When comparing variability across datasets with different means or units, use the coefficient of variation (CV):

CV = (SD / Mean) × 100%

A CV of 5% means SD is 5% of the mean: a tight distribution. A CV of 50% means much more variability relative to scale.

Example: Investment with 8% return and 4% SD has CV 50%. Another with 20% return and 6% SD has CV 30%, actually less volatile relative to its return.

FAQ

What does a high standard deviation mean? It means the values are spread widely around the mean. A low SD means values cluster tightly.

Is standard deviation the same as variance? No. SD is the square root of variance. SD is in the original units; variance is in squared units.

When should I use sample vs population standard deviation? Use sample SD (N−1) when your data is a sample of a larger population (the most common case). Use population SD (N) only when you have data for the entire population.

What is the 68-95-99.7 rule? For normal distributions: 68% of values fall within 1 SD of the mean, 95% within 2 SD, 99.7% within 3 SD. A quick way to read SD intuitively.

Can standard deviation be negative? No. SD is the square root of squared differences; always zero or positive. A SD of zero means every value is identical.

How do I interpret a z-score? A z-score tells you how many SDs a value is from the mean. Positive is above, negative is below. |z| > 2 generally indicates an unusual value in a normal distribution.

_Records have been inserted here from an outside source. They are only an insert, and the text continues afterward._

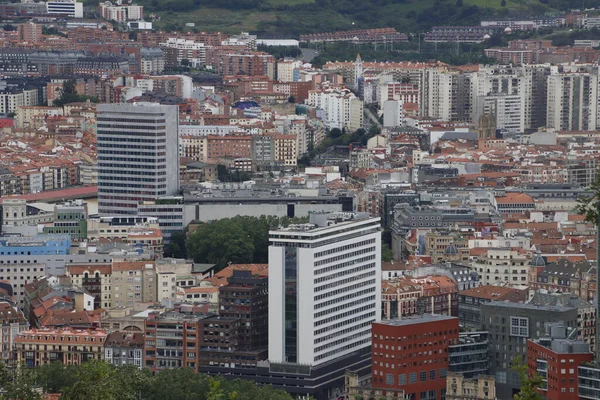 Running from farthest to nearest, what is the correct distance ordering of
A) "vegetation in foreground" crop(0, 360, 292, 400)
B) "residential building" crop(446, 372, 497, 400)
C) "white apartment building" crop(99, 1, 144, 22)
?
"white apartment building" crop(99, 1, 144, 22)
"residential building" crop(446, 372, 497, 400)
"vegetation in foreground" crop(0, 360, 292, 400)

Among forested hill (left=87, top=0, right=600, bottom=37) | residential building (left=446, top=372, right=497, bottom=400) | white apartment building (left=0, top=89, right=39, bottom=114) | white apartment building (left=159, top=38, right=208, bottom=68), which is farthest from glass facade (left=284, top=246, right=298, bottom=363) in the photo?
forested hill (left=87, top=0, right=600, bottom=37)

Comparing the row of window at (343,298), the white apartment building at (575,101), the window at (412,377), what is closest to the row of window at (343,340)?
the row of window at (343,298)

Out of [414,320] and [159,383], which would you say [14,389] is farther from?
[414,320]

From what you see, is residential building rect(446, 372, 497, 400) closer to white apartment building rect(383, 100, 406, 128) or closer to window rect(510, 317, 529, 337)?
window rect(510, 317, 529, 337)

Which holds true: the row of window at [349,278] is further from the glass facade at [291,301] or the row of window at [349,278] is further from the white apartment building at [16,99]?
the white apartment building at [16,99]

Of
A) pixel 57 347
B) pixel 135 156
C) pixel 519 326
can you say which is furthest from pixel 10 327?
pixel 135 156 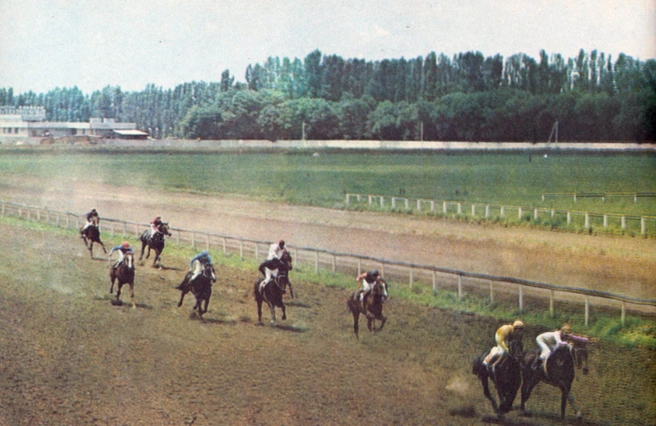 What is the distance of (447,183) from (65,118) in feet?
23.4

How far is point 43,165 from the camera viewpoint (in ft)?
44.7

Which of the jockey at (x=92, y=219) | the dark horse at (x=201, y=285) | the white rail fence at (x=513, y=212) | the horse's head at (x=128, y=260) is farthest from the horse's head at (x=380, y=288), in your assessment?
the jockey at (x=92, y=219)

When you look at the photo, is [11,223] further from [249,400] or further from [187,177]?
[249,400]

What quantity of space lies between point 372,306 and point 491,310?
1532 mm

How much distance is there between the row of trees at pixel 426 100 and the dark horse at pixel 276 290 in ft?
6.21

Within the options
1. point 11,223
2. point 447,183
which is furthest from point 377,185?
point 11,223

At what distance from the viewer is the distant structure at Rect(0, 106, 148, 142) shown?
40.3ft

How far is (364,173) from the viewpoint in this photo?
42.7ft

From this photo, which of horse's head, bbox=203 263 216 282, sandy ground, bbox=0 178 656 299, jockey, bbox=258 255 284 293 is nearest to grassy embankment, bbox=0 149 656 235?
sandy ground, bbox=0 178 656 299

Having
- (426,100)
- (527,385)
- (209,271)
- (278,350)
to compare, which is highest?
(426,100)

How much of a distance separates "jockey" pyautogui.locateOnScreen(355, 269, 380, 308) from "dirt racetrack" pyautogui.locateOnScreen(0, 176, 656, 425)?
636 mm

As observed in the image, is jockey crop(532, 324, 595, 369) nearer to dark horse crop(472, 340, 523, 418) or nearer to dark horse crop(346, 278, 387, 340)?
dark horse crop(472, 340, 523, 418)

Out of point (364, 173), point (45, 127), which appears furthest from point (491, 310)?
point (45, 127)

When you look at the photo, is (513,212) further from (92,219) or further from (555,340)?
(92,219) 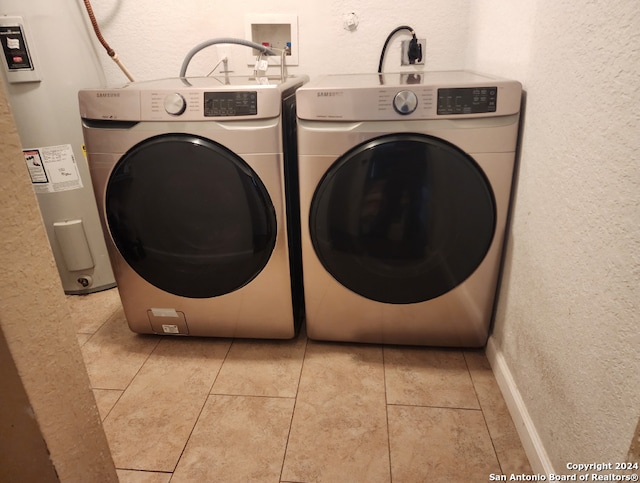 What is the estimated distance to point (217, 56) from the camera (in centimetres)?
166

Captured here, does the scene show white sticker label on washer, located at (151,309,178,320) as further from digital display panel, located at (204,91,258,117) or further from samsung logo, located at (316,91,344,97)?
samsung logo, located at (316,91,344,97)

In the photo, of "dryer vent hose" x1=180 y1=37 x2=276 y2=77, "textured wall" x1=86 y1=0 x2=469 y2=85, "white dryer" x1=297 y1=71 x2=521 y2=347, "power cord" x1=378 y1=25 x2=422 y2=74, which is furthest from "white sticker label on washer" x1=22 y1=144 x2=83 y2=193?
"power cord" x1=378 y1=25 x2=422 y2=74

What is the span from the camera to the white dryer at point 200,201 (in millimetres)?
1081

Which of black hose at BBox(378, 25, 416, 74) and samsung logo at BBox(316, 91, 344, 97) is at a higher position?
black hose at BBox(378, 25, 416, 74)

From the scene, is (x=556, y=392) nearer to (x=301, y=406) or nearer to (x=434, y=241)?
(x=434, y=241)

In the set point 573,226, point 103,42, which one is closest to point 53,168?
point 103,42

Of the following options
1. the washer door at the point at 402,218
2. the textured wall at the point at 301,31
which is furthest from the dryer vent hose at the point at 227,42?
the washer door at the point at 402,218

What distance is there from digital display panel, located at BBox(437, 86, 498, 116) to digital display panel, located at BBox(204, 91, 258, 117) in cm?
46

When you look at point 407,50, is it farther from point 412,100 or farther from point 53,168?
point 53,168

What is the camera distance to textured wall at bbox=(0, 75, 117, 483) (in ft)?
1.65

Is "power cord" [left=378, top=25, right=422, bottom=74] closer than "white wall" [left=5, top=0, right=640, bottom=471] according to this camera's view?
No

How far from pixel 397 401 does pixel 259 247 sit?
Result: 0.57m

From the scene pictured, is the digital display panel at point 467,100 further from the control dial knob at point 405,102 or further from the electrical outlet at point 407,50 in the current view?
the electrical outlet at point 407,50

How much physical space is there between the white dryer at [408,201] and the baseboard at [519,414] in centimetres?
8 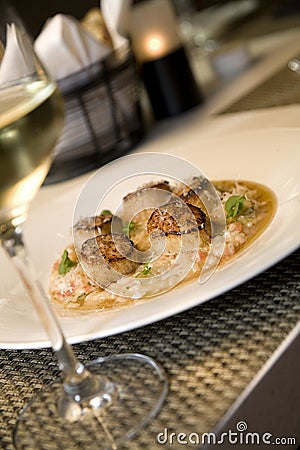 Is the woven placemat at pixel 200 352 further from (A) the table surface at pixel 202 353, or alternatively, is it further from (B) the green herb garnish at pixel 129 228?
(B) the green herb garnish at pixel 129 228

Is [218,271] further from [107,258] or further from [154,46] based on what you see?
[154,46]

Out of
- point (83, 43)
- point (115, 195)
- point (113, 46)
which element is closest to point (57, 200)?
point (115, 195)

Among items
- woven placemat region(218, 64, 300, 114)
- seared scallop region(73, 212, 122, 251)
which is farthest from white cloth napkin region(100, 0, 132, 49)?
seared scallop region(73, 212, 122, 251)

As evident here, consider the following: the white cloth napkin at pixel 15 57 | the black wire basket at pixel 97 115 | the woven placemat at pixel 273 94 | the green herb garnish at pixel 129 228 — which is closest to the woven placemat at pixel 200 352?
the green herb garnish at pixel 129 228

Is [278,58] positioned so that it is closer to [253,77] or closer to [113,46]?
[253,77]

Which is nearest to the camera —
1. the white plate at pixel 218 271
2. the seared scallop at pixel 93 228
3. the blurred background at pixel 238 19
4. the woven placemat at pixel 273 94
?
the white plate at pixel 218 271

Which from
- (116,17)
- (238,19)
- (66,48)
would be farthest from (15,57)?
(238,19) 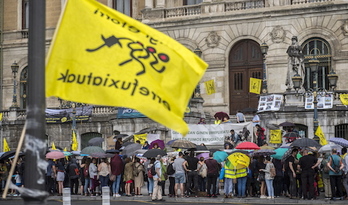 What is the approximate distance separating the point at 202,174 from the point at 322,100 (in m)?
10.1

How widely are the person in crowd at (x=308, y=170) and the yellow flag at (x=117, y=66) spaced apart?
48.5ft

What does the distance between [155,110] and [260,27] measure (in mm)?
33297

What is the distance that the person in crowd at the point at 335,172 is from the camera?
2264cm

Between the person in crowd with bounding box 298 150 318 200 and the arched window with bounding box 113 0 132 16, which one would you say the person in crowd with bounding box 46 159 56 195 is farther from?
the arched window with bounding box 113 0 132 16

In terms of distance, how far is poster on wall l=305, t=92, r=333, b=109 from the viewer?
107 ft

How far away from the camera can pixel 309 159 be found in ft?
74.3

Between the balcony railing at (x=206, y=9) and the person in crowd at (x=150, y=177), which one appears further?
the balcony railing at (x=206, y=9)

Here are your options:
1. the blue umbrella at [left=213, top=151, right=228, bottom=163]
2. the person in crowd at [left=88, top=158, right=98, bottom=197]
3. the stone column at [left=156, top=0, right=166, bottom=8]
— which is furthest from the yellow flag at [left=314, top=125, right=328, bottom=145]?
the stone column at [left=156, top=0, right=166, bottom=8]

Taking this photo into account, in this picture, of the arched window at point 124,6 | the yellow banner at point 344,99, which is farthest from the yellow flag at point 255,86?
the arched window at point 124,6

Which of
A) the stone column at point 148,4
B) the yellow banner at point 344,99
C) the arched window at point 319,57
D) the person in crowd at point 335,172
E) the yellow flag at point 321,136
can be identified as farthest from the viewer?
the stone column at point 148,4

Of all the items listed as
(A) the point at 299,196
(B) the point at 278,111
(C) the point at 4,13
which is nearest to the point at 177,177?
(A) the point at 299,196

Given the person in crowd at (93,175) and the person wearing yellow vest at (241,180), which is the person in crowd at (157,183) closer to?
the person wearing yellow vest at (241,180)

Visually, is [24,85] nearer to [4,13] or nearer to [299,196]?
[4,13]

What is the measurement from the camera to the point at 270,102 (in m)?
34.0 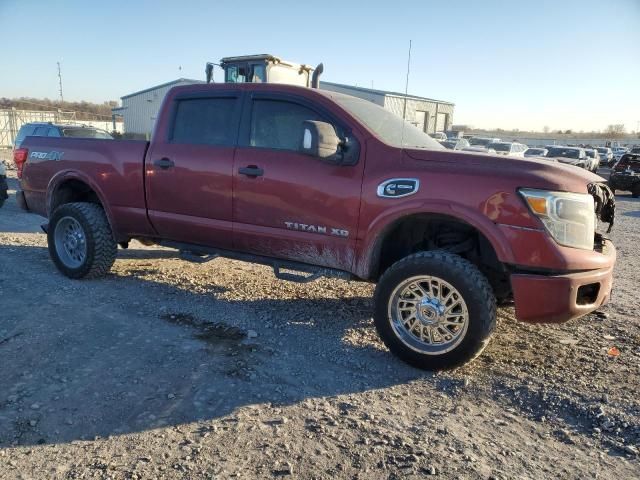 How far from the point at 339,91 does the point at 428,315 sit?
115 feet

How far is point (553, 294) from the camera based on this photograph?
3297mm

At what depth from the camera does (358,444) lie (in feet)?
8.86

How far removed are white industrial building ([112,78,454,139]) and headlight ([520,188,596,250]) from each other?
103 feet

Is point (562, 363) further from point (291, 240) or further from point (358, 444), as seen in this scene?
point (291, 240)

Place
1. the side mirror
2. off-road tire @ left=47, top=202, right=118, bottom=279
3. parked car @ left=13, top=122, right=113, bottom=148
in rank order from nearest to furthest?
the side mirror < off-road tire @ left=47, top=202, right=118, bottom=279 < parked car @ left=13, top=122, right=113, bottom=148

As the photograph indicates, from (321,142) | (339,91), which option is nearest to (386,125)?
(321,142)

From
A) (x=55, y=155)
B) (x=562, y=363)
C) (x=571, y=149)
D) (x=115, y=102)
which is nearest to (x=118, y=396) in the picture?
(x=562, y=363)

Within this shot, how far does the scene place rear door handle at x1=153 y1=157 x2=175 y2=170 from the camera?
4789 mm

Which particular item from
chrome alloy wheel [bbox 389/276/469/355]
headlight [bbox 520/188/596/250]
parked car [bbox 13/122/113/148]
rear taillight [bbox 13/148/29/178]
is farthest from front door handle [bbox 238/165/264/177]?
parked car [bbox 13/122/113/148]

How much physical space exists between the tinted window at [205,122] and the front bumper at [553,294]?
2.73 m

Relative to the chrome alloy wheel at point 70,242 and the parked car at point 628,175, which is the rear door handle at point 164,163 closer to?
the chrome alloy wheel at point 70,242

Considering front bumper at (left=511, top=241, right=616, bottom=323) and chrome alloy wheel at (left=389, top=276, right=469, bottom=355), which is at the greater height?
front bumper at (left=511, top=241, right=616, bottom=323)

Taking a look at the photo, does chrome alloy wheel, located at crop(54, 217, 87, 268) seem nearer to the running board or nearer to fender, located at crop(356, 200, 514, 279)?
the running board

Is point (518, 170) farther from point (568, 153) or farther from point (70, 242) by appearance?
point (568, 153) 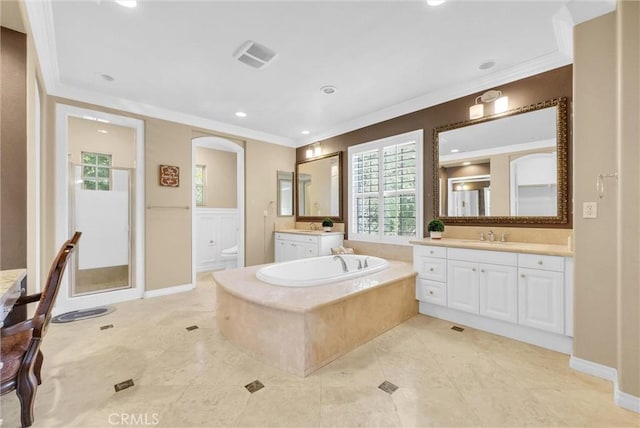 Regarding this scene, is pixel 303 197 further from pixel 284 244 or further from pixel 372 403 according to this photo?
pixel 372 403

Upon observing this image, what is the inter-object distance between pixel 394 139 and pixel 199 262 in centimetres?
430

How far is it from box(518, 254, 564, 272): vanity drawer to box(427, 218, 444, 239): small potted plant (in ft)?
2.84

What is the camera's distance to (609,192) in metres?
1.85

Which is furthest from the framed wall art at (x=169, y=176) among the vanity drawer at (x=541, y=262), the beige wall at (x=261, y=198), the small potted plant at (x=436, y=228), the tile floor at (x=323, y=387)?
the vanity drawer at (x=541, y=262)

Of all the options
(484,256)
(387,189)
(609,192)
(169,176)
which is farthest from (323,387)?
(169,176)

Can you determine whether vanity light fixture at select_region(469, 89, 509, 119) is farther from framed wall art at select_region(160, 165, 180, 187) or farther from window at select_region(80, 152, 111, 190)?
window at select_region(80, 152, 111, 190)

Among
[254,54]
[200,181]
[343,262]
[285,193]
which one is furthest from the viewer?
[200,181]

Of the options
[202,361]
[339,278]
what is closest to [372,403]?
[339,278]

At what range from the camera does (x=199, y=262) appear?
216 inches

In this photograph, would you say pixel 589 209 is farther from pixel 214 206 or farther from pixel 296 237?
pixel 214 206

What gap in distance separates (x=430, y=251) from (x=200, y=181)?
4.66m

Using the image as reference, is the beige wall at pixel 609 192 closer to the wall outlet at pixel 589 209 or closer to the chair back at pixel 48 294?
the wall outlet at pixel 589 209

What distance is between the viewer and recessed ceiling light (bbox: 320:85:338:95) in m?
3.15

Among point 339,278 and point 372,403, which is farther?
point 339,278
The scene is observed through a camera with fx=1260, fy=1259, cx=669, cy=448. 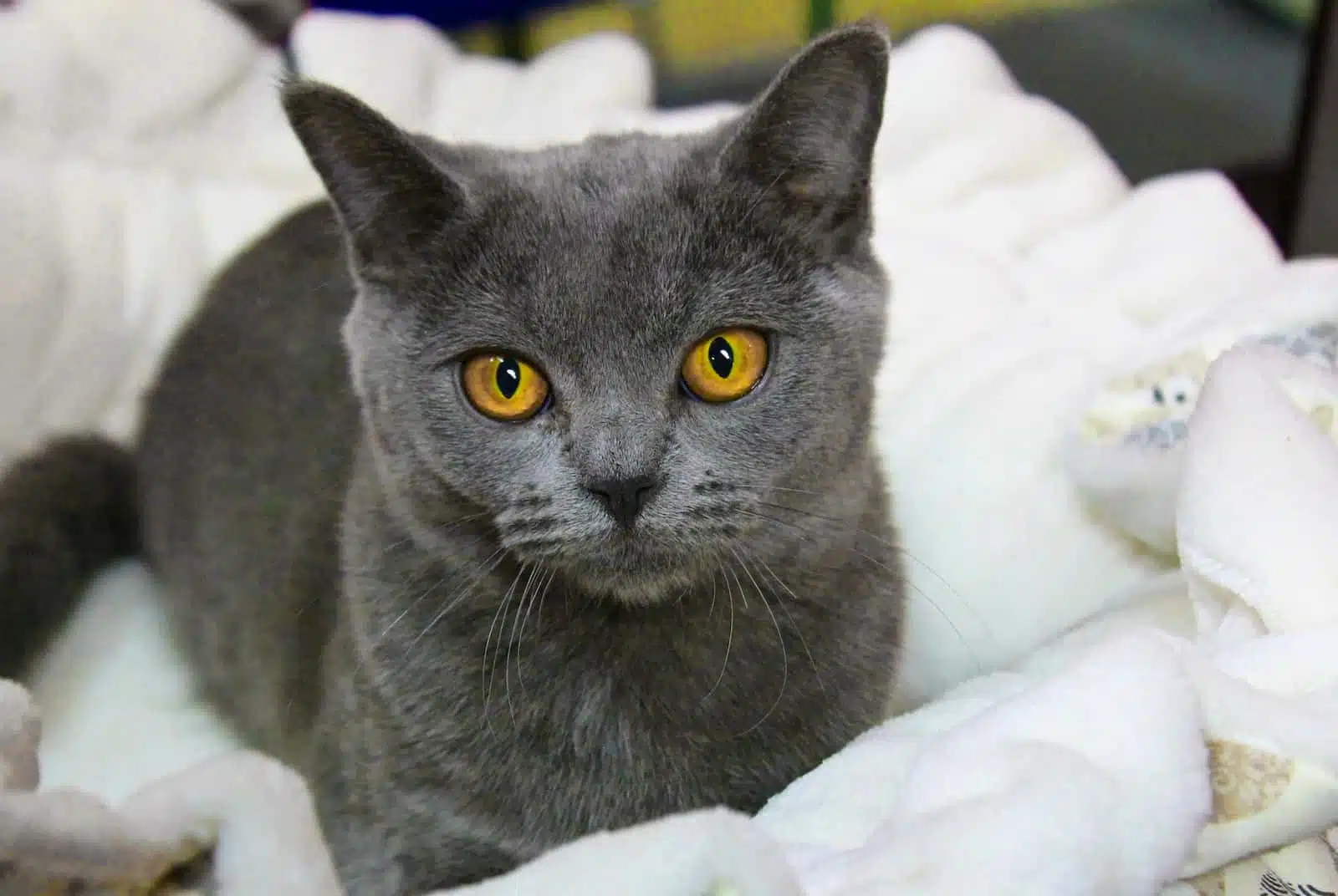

Why is variance useful if SD is in better units? Variance has cleaner mathematical properties for further calculations (regression, hypothesis testing). It is preferred in formulas; SD is preferred in reporting.

Related Tools

The Standard Deviation Calculator computes both sample and population SD. The Variance Calculator handles variance directly, and the Z-Score Calculator converts raw values to standardized scores. For full summary statistics, use the Statistics Calculator.

Final Thoughts

Standard deviation is the most underused statistic in everyday data communication. Mean tells you the center; SD tells you whether the center is meaningful. A class with a mean of 75 and SD of 4 is a very different class than one with the same mean and SD of 15, and yet most reports only ever cite the mean. Build the habit of always reporting both numbers, and your data conversations get sharper immediately.